We are continuing our theme of data transparency and effectiveness with ‘Data Deception,’ which I describe as using large numbers without context to deceive someone into believing you are more successful than you are.

I wanted to write about this after listening to an episode of The Freakonomics Podcast, in which they discussed data fabrication. Data fabrication is a more nuanced and less inflammatory term for fraud in academic research. It means faking data or “cooking the books.” The second part of the podcast explored why people engage in this behavior in academia. There were several reasons, including pressure to complete the research, outcome expectations, and, most interestingly, the potential upside of media exposure.

One example of fabricated data was a study claiming that people were less likely to lie if they signed a form at the top before filling it in rather than after. This concept could be applied to areas prone to fraud, such as tax returns, insurance claims, or home improvements made for the purpose of selling. A company tested this theory but found no difference in the results. They conducted multiple tests, thinking they were doing something wrong, as this was counter to the much-hyped research.

Eventually, a group of people conducted similar research, using test cases such as the distance people drive, as insurance rates are often based on this factor. The sample set mainly consisted of seniors whose driving habits differed from those of younger people. This discrepancy led many to question the validity of the data. Ultimately, while the researchers did not admit to fabricating the data, they acknowledged that it may have been flawed.

The podcast emphasized that there are various incentives to manipulate data and compromise its integrity. As digital marketers with specific KPIs to improve performance and demonstrate value, are we always as transparent and diligent with the numbers? As a judge on industry awards, I often encounter individuals who fail to disclose exact numbers, instead presenting percentages, excessive rounding, or timeline adjustments.

My wife and I often joke about seeing exaggerated percentages, such as 100%, 50%, or 80%. We once attended a meeting in Japan where an agency presented impressive numbers for every ad they produced. The client loved it and readily accepted the data, even though it seemed too good to be true. High-performing results are a win for everyone. The client gets to tell the boss the project hit a home run, and the agency receives another project. The problem for us was that we had seen the actual data. While the ads had impressive performance numbers, sales for those items from that channel didn’t improve. Why wasn’t anybody asking that question?

The data was presented in the context of an identified goal of views and clicks rather than the implied goal of increasing sales. In a later meeting, a senior manager who was primarily concerned with sales asked the real question: how much sales and revenue it drove, and no one had the answer.
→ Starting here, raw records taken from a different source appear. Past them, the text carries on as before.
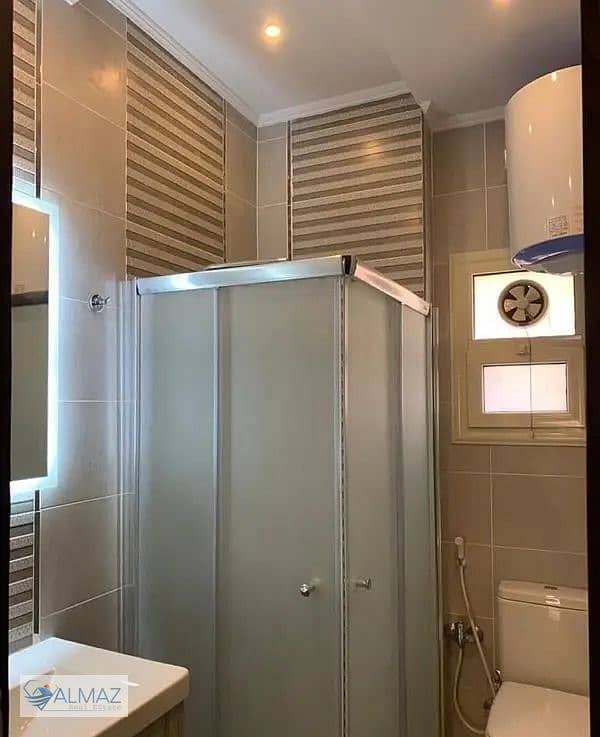 4 WhatsApp Image 2026-01-21 at 11.24. 52 AM (1). jpeg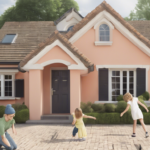 découvrez comment choisir la meilleure assurance habitation pour les jeunes et protéger leur logement efficacement.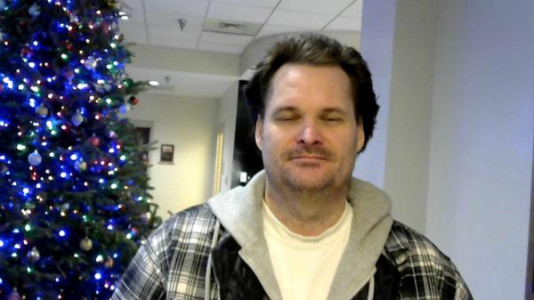 Elijah Quinton Maples a registered Sex Offender of Alabama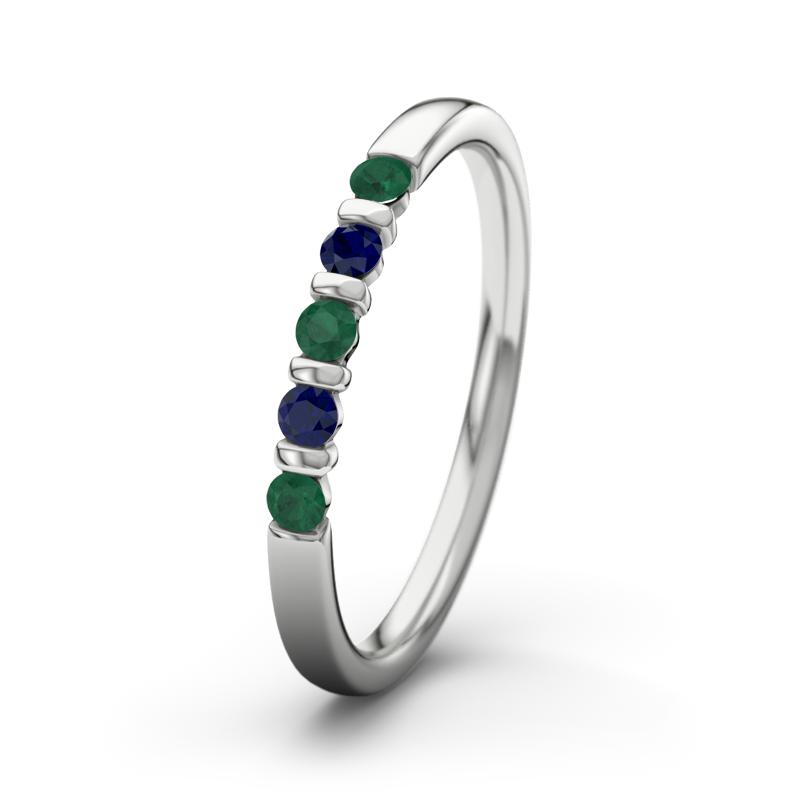 Wishlist empty heartbeat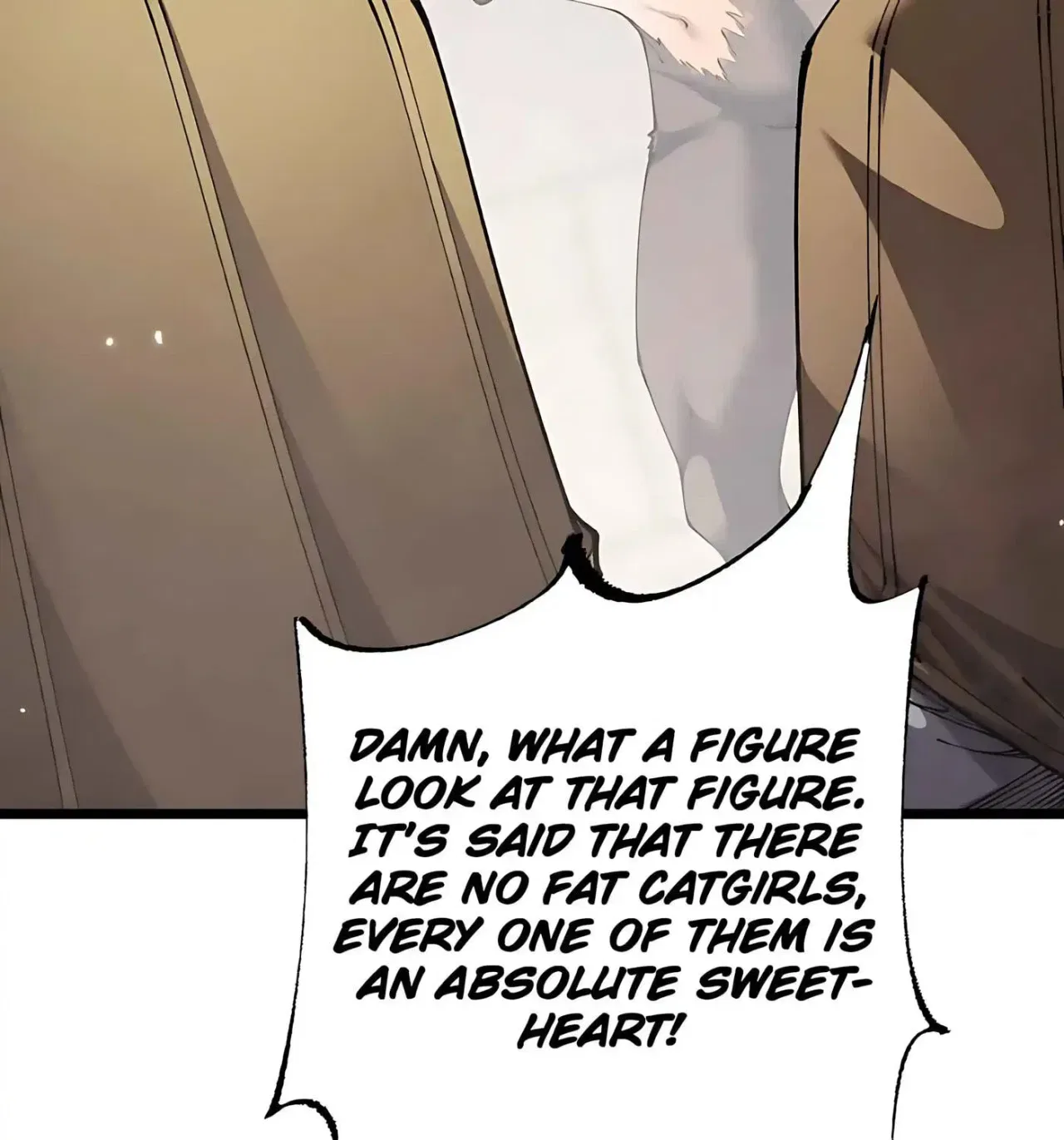 From Goblin to Goblin God Chapter 112 – Page 65
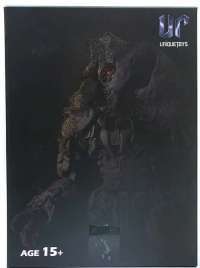 Игрушка Трансформеры (Transformers: Dark of the Moon Leader Megatron)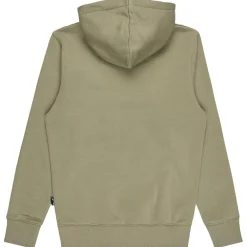 - Kid's Arch Hood - Hoodie < Billabong Sale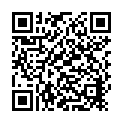 QR code for Sar Pay Hin Lay Oh Gyi listing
In another instance, the agency team was showing 500% growth. The agency team said, “We should celebrate this massive achievement with champagne.” As the client’s strategist, I had to ask, “What was before and after?” The person presenting had no idea of the background data to support the growth claim. The stat was being used to motivate the client and give the illusion of high performance. Since no one had the data, the client suggested sending a note to their team to get the answer.
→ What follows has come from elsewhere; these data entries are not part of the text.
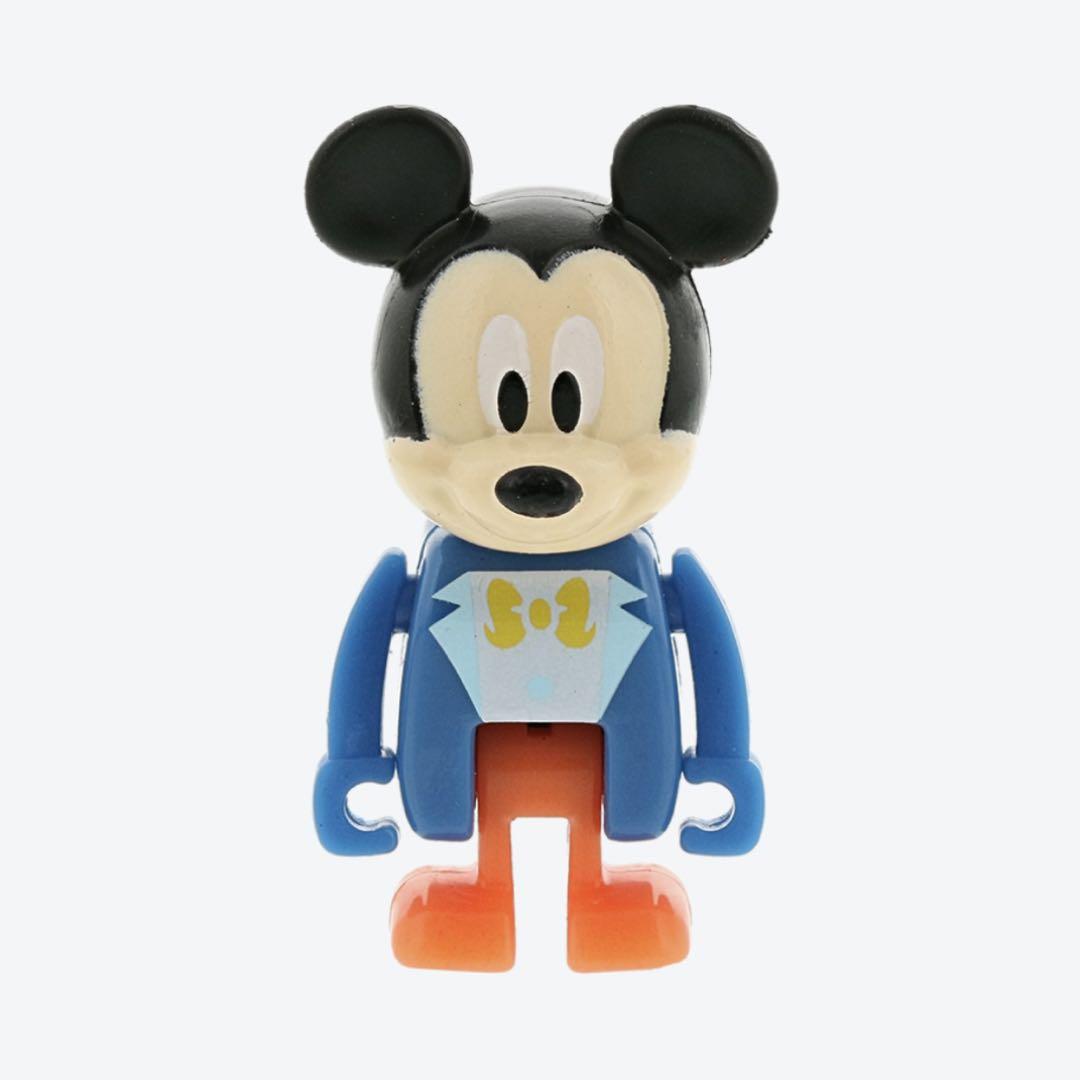 限定セール -SALE 限定⭐︎ディズニー⭐︎ビーグルコレクション⭐︎セット メルカリ - ミニカー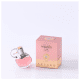 Wanted Girl Tonic Azzaro Eau de Toilette - Perfume Feminino 30ml (4)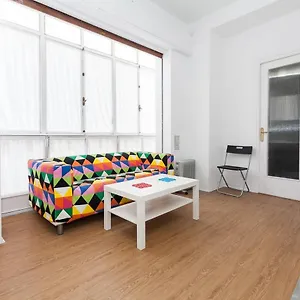 https://apartamentos-san-roque.es-andalucia.com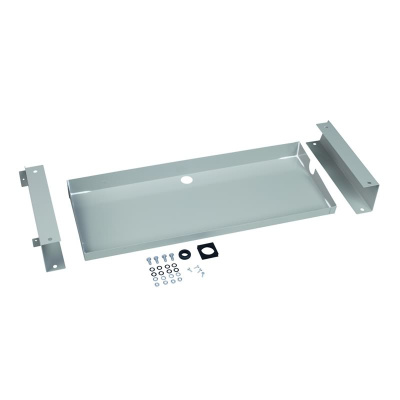 Daikin EKDP008D Kondensatwanne für Altherma Außengeräte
Near the end of the meeting, the senior manager requested an update, and the senior account person wanted to follow up with them. He needed time to figure out how to spin it. Under pressure, he admitted that before, it was one click, and now it was five clicks. So, yes, it’s a 500% increase, but it was only five clicks. After reviewing the data more closely, we found that the $100,000 ad spend resulted in just over a thousand additional visitors, with no conversions to sales.

In this situation, everyone was incentivized to present and accept the data at face value. Analyzing and presenting data can be challenging, as most people tend to become bored easily, and everyone is eager to hear good news. Presenting information using unicorns and rainbows by using percentages and data out of context can give everyone a warm, fuzzy feeling. Still, it can also come back to haunt you later. The client is hearing fantastic news. The problem is that, at some point, great news about increased sales will have to be explained.
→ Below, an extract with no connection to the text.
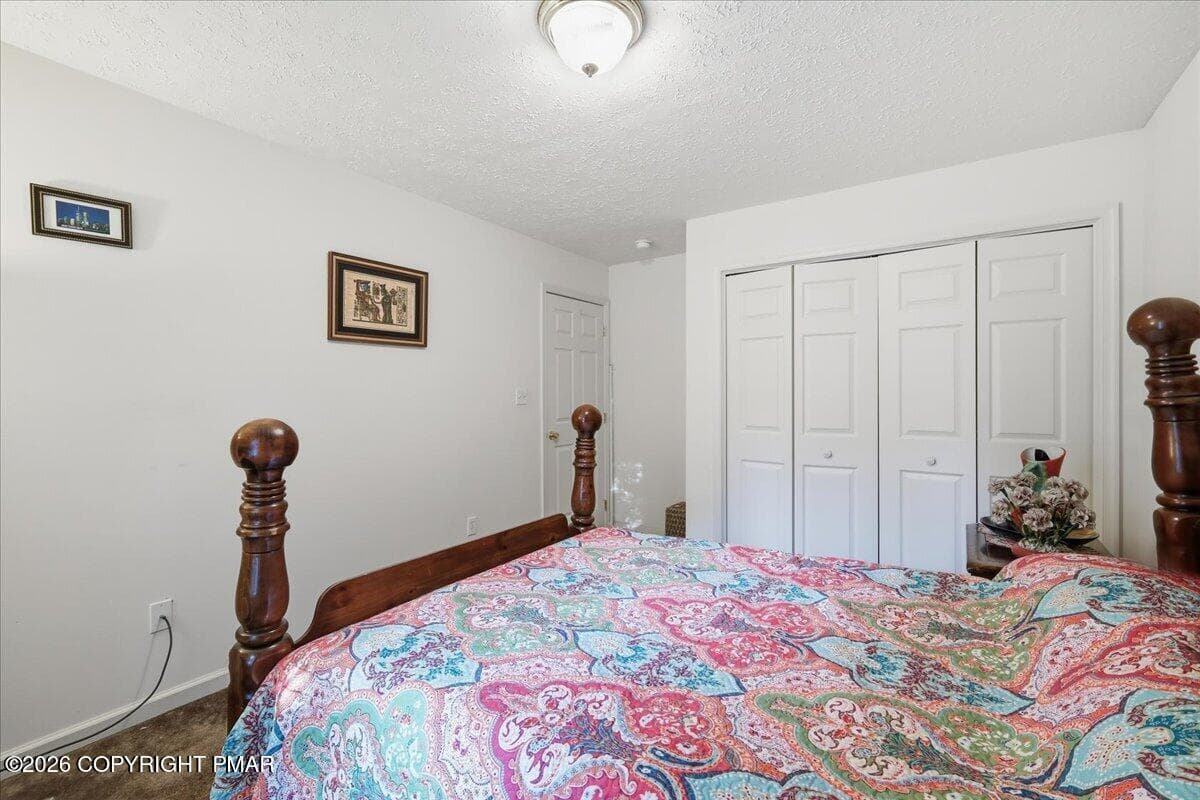 51-Photo-50 - 2137 Freedom Way, Pocono Summit, PA 18346, Pocono Summit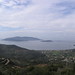 Petali Islands off Evia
With these examples, there was not necessarily data fraud but rather data deception, where the more beneficial interpretation of the data was presented. This becomes a challenge for all involved to be mature about what we are measuring and how much detail and rigor is provided. I have discussed perceived economic value many times, which, in the scenario above, was reflected in an increase in sales. When success is presented in the context of a contributory metric, traffic, you are not demonstrating the actual perceived outcome. At some point, someone will say we spent this much money. We didn’t get anything back. We didn’t even recover what we spent. By setting up crisp metrics and more focused goals, you can minimize the illusion of success with percentages or other vanity metrics.